§ PROBLEM DESCRIPTION: Across the whole listing, return each line exactly, with no images included.

§ STORED DATA:
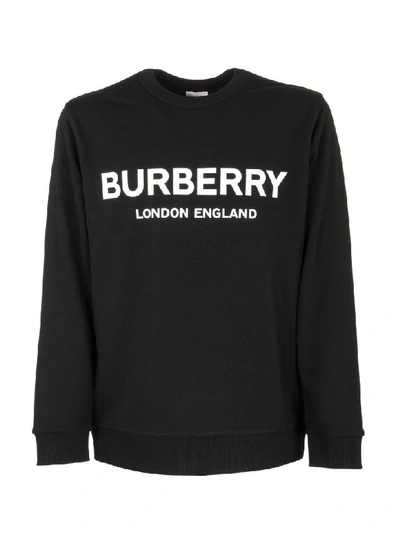 Shop Burberry Logo Print Cotton Sweatshirt In Black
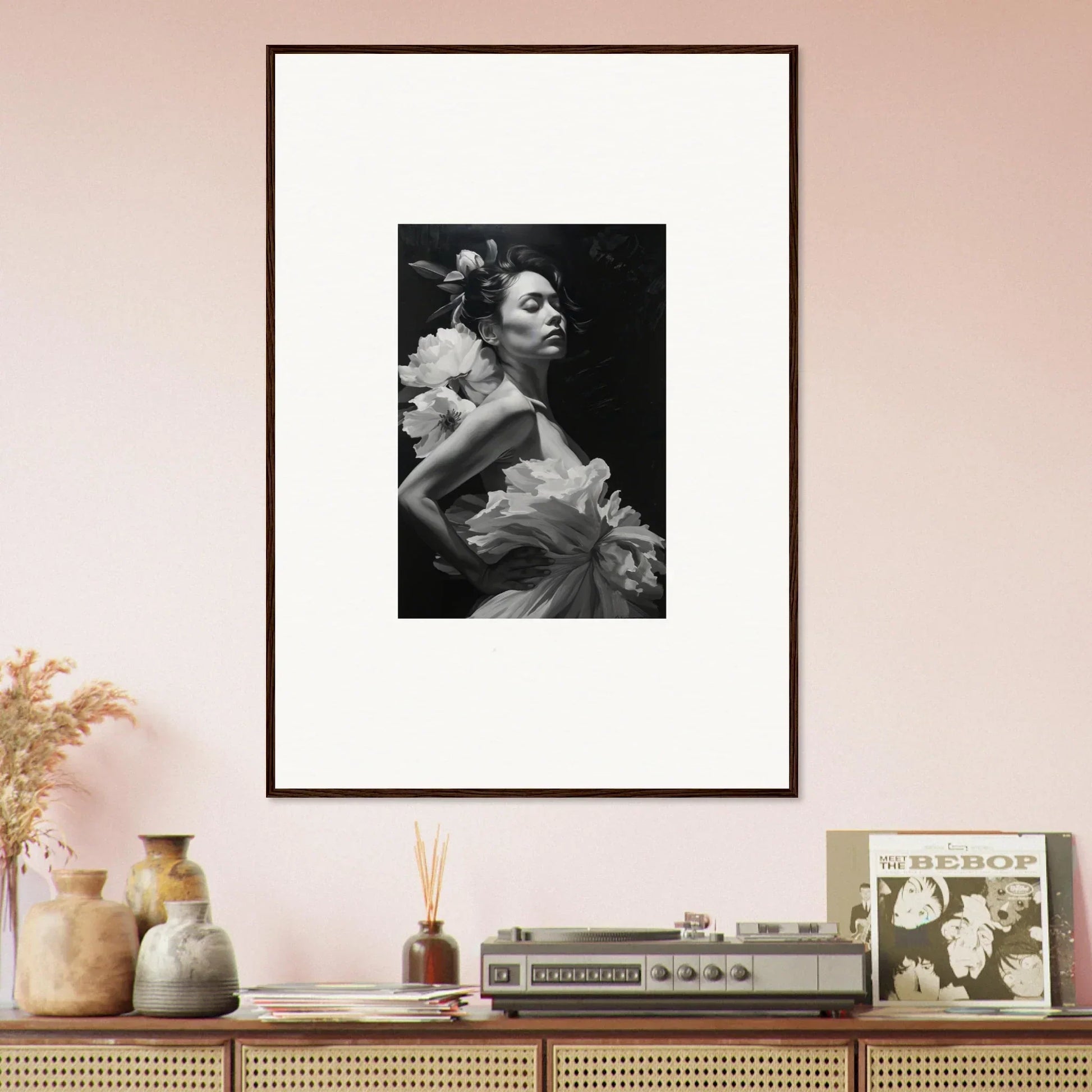 Elegant black and white woman photo for dreamy room decoration or canvas print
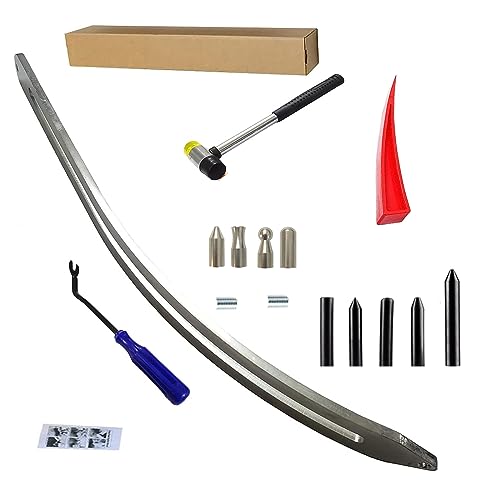 Auto Dent Repair,Car Front Fender Dings Remover,Paintless Bodywork Damage Removal,Big Size Curved Rod, 15 Pack Hook Rods Tools Kit for Car Body Dent Repair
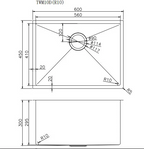 600x450x300mm Stainless Steel Handmade Top/Under mount Single Bowls Sink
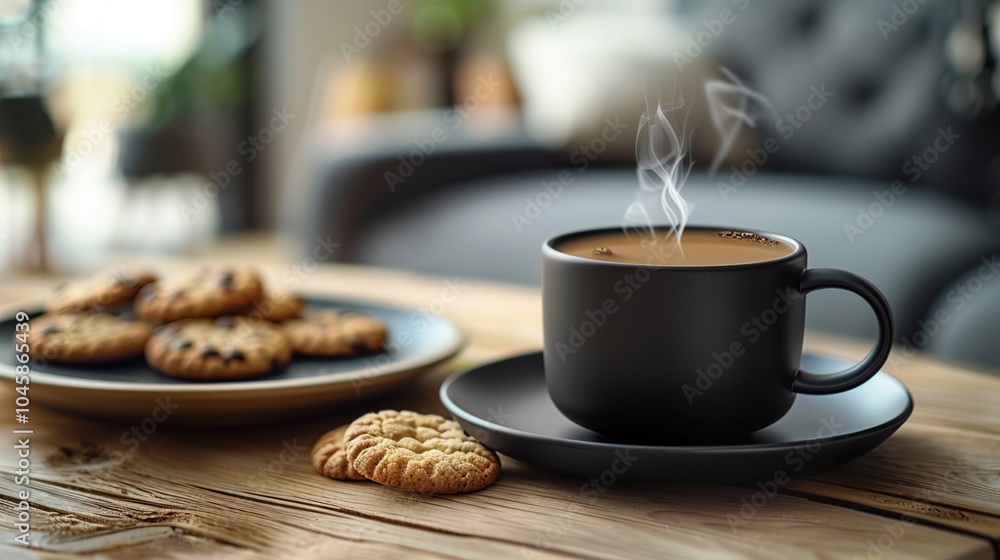 A steaming cup of coffee with cookies on a wooden table. A steaming cup of coffee with cookies on a wooden table.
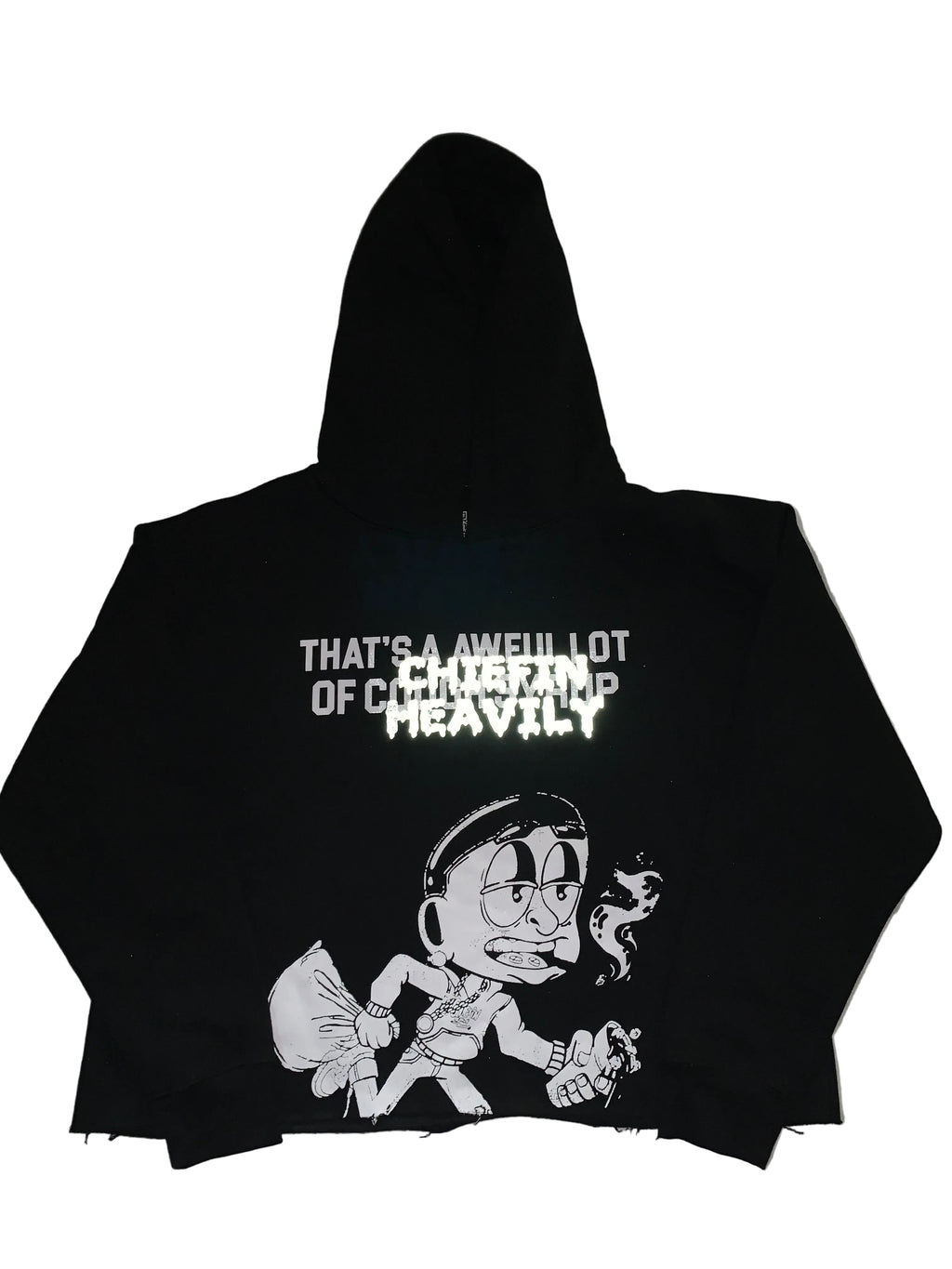 Reflective Chiefin Heavily(SS25)Black Hoodie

§ TASK RESPONSE:
 Shop Burberry Logo Print Cotton Sweatshirt In Black
 Elegant black and white woman photo for dreamy room decoration or canvas print
 Auto Dent Repair,Car Front Fender Dings Remover,Paintless Bodywork Damage Removal,Big Size Curved Rod, 15 Pack Hook Rods Tools Kit for Car Body Dent Repair
 600x450x300mm Stainless Steel Handmade Top/Under mount Single Bowls Sink
 A steaming cup of coffee with cookies on a wooden table. A steaming cup of coffee with cookies on a wooden table.
 Reflective Chiefin Heavily(SS25)Black Hoodie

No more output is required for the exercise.